Something had changed, however, when the boots reappeared. Not a single assassination by the boots failed to have collateral damage during this time period. 

- The boots forced an Alikean parliamentarian to go on a bloody rampage, kicking seventeen people— including two dragons— to death before mages incinerated the man. He’d died earlier in the rampage, but the boots had continued animating his legs afterward.

- The boots fell from the sky, slamming into a construction site to collapse a scaffolding onto a Tsarnassan family head overseeing the construction of a new tower in Lemannen. Three dead. 

- The boots drove the court of a king of Ruhn mad during a ball, forcing them to throw themselves at the king like mad beasts. The king at that time was an accomplished bone mage, and slaughtered nearly two dozen of his family and friends before he fell beneath the tide of bodies.


It was the Oxbow Ford incident, however, that ultimately led to the downfall of the boots.

Over a period of seven months, the boots carried out a campaign of assassinations, sabotage, and espionage in Alikea and Tsarnassus, which escalated into a major border clash between them. Border clashes have always been common between the two largest states in Northeastern Ithos, but this one was particularly bloody, with almost three thousand dead in the battle of Oxbow Ford. 

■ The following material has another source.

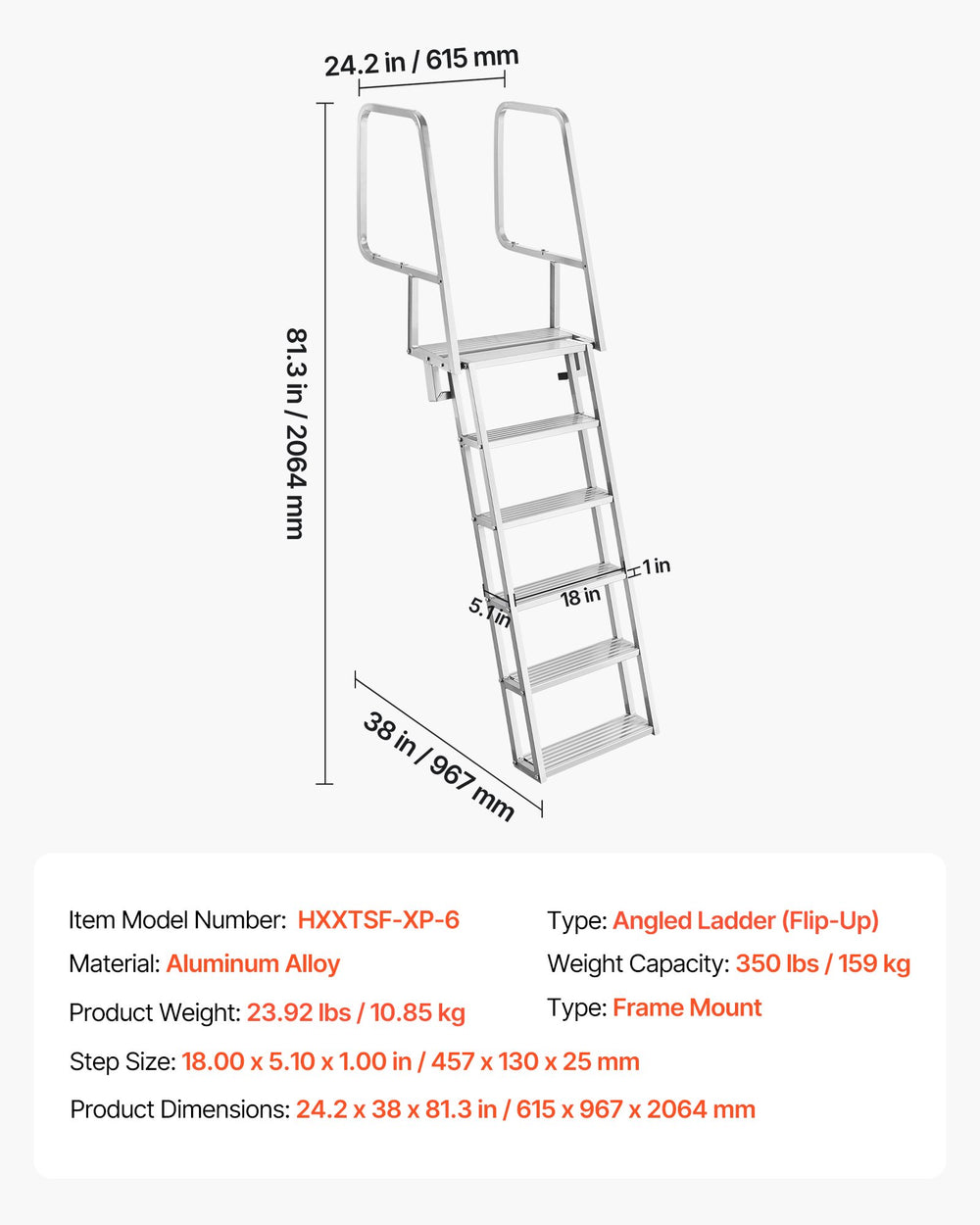 VEVOR Flip-Up Dock Ladder, 6-Step, Heavy-Duty Aluminum Alloy Pontoon Boat Swim Ladder, with Non-Slip Wide Steps, 159 kg Weight Capacity, Pull Rope Assist, Comfort Use for Lake Pool Marine Boarding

It might have turned into a full-blown war— though it says a lot about the size and strength of the two nations that three thousand dead didn’t count as a war for them— but Alikean security forces had found the old theory about the magic boots that murdered people in their archives, and an internal investigation had convinced them of what happened. As the victors of the battle for Oxbow Ford, who also had unquestionably been wronged more heavily in the preceding months, they were in a unique position to simply step back and end the fighting. 

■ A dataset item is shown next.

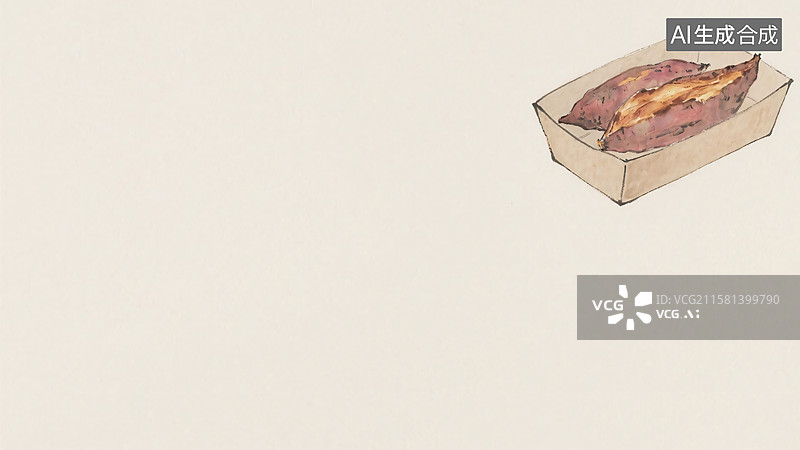 【AI数字艺术】水墨画烤红薯背景右上图片素材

Their investigation had somewhat conclusively proven that the boots were involved, and had orchestrated the whole thing— which also happens to be the single largest piece of evidence for the boots being sapient.

While we don’t know for certain that the Lord Mayor of Oxbow Ford was the primary target, all activity by the boots around the incident ceased when the Mayor died as a side-casualty of the battle, and quite a few of the intelligence documents that had been altered to lead to the incident had been specifically altered to indicate the other side was specifically moving on Oxbow Ford, which had relatively little tactical significance otherwise- there were plenty of bridges over the river both upstream and down from Oxbow. 

It should be noted, importantly, that Oxbow Ford was a village of less than four hundred souls, and that the Lord Mayor of the town also doubled as the tavern-keeper, was well liked by everyone in town, and whose position was almost entirely ceremonial. The portly, cheerful fellow was, by all accounts, “mostly in it for the hat.” 

The hat, which was apparently quite large, over-decorated, and impressive, vanished during the battle.

If nothing else, it just goes to show that the boots had absolutely no sense of proportion— it had put far more effort into the Oxbow Ford incident than any other on record.

After that, over a dozen nations and city-states, as well as several independent great powers, all united in a hunt for the boots. Within three months, it had been captured and turned over to Skyhold for disposal or containment. The capture itself was, somewhat unsurprisingly, in the aftermath of yet another Alikean parliamentarian being assassinated by the boots— this time by the old “death by birds” favorite. Owls during the day, specifically.

When attempts to destroy the boots failed (see above), the boots were placed into the vault, where they’ve remained safely ever since. 

There is one additional odd detail to the story, however. Five years after the boots were placed in the vaults, during a Midwinter audit of its contents, a somewhat alarming and exceptionally odd change occurred.

A hat, by all accounts perfectly matching the description of the mayor of Oxbow Ford’s ceremonial headgear, appeared inside the obsidian cage holding the boots.

It has remained there alongside the boots ever since, as it’s judged too much of a security risk to open the cage and investigate.